Devrie had been received into the Church in an overdecorated chapel, wearing an overdecorated dress of white lace and carrying a candle. Three years later she had left, dressed in a magenta body suit and holding the keys to Father’s safe, which his executor had left unlocked after the funeral. The will had, of course, made me Devrie’s guardian. In the three years Devrie had been going to Mass, I had discovered that I was sterile, divorced my second husband, finished my work in entomology, accepted my first position with a museum, and entered a drastically premature menopause.
That is not a flip nor random list.
After the funeral, I sat in the dark in my father’s study, in his maroon leather chair and at his teak desk. Both felt oversize. All the lights were off. Outside it rained; I heard the steady beat of water on the window, and the wind. The dark room was cold. In my palm I held one of my father’s research awards, a small abstract sculpture of a double helix, done by Harold Landau himself. It was very heavy. I couldn’t think what Landau had used, to make it so heavy. I couldn’t think, with all the noise from the rain. My father was dead, and I would never bear a child.
Devrie came into the room, leaving the lights off but bringing with her an incandescent rectangle from the doorway. At sixteen she was lovely, with long brown hair in the masses of curls again newly fashionable. She sat on a low stool beside me, all that hair falling around her, her face white in the gloom. She had been crying.
“He’s gone. He’s really gone. I don’t believe it yet.”
“No.”
She peered at me. Something in my face, or my voice, must have alerted her; when she spoke again it was in that voice people use when they think your grief is understandably greater than theirs. A smooth dark voice, like a wave.

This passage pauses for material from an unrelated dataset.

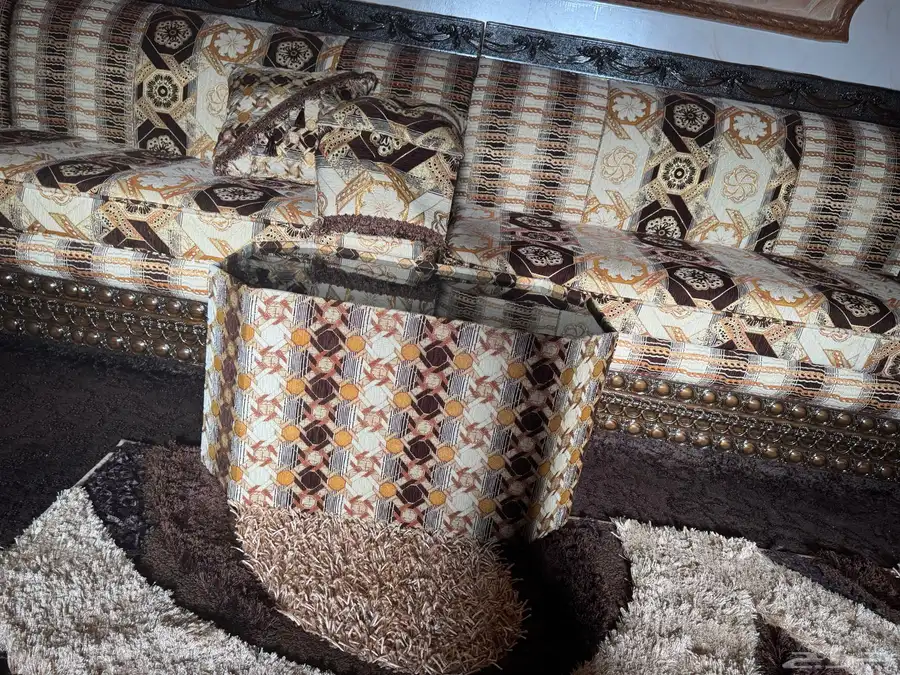 كنب للبيع مساحة 5 في 5 7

“You still have me, Seena. We still have each other.”
/> I said nothing.
“I’ve always thought of you more as my mother than my sister, anyway. You took the place of Mother. You’ve been a mother to at least me.”
She smiled and squeezed my hand. I looked at her face—so young, so pretty—and I wanted to hit her. I didn’t want to be her mother; I wanted to be her. All her choices lay ahead of her, and it seemed to me that self-indulgent night as if mine were finished. I could have struck her.
“Seena—”
“Leave me alone! Can’t you ever leave me alone? All my life you’ve been dragging behind me; why don’t you die and finally leave me alone!”
We make ourselves pay for small sins more than large ones. The more trivial the thrust, the longer we’re haunted by memory of the wound.
I believe that.
Indian Falls was out of another time: slow, quiet, safe. The Avis counter at the airport rented not personal guards but cars, and the only shiny store on Main Street sold wilderness equipment. I suspected that the small state college, like the town, traded mostly on trees and trails. That Keith Torellen was trying to take an academic degree here told me more about his adopting family than if I had hired a professional information service.
The house where he lived was shabby, paint peeling and steps none too sturdy. I climbed them slowly, thinking once again what I wanted to find out.
Devrie would answer none of my messages on the mailnet. Nor would she accept my phone calls. She was shutting me out, in retaliation for my refusing to fetch Torellen for her. But Devrie would discover that she could not shut me out as easily as that; we were sisters. I wanted to know if she had contacted Torellen herself, or had sent someone from the Institute to do so.
If neither, then my visit here would be brief and anonymous; I would leave Keith Torellen to his protected ignorance and shabby town. But if he had seen Devrie, I wanted to discover if and what he had agreed to do for her. It might even be possible that he could be of use in convincing Devrie of the stupidity of what she was doing. If he could be used for that, I would use him.